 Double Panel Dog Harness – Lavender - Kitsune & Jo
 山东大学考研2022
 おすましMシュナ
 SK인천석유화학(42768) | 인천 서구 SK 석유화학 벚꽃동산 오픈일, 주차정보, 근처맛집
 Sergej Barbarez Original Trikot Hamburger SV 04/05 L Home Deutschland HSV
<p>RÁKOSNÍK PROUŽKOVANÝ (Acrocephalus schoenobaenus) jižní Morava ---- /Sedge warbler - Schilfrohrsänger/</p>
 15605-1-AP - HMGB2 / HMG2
--
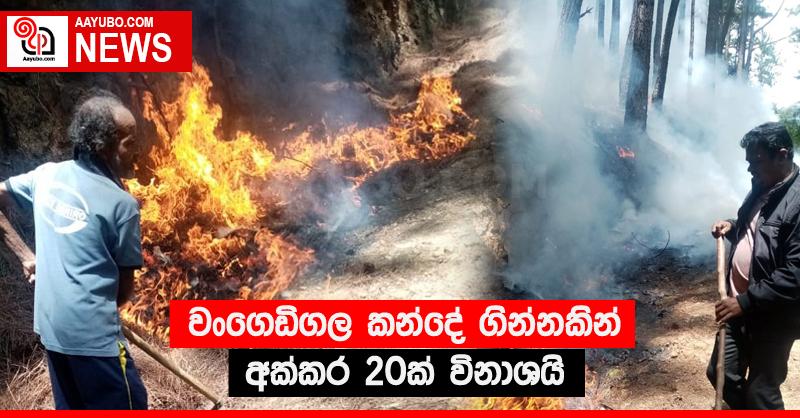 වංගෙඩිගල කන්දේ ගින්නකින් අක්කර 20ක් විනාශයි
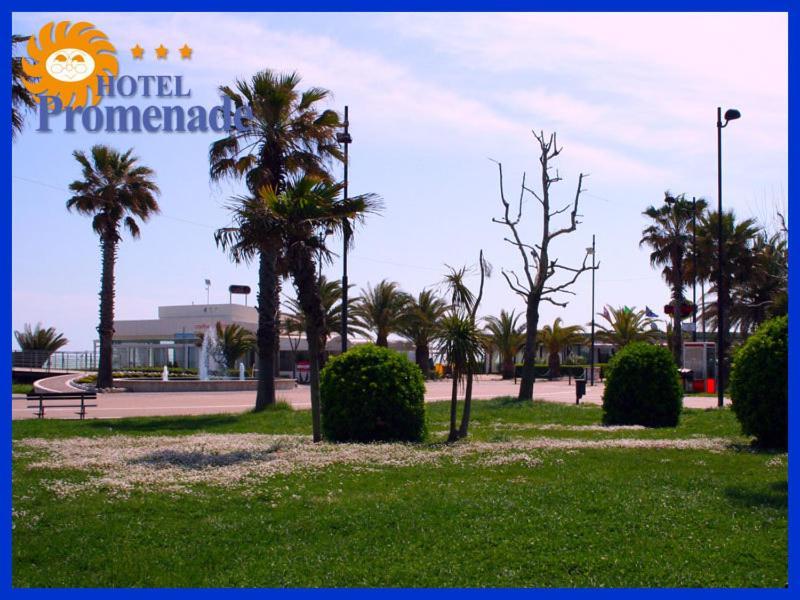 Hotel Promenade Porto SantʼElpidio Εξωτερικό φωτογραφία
==
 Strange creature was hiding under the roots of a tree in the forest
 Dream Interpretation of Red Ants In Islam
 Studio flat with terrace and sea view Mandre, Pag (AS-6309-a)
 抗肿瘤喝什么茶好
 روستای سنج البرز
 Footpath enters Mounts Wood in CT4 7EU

**Problem:** Copy range, inclusive: the line holding "SK인천석유화학(42768) | 인천" to the line holding "15605-1-AP - HMGB2 / HMG2". Reproduce exactly those lines of the records above and no others.

**Solution to the exercise:**
 SK인천석유화학(42768) | 인천 서구 SK 석유화학 벚꽃동산 오픈일, 주차정보, 근처맛집
 Sergej Barbarez Original Trikot Hamburger SV 04/05 L Home Deutschland HSV
<p>RÁKOSNÍK PROUŽKOVANÝ (Acrocephalus schoenobaenus) jižní Morava ---- /Sedge warbler - Schilfrohrsänger/</p>
 15605-1-AP - HMGB2 / HMG2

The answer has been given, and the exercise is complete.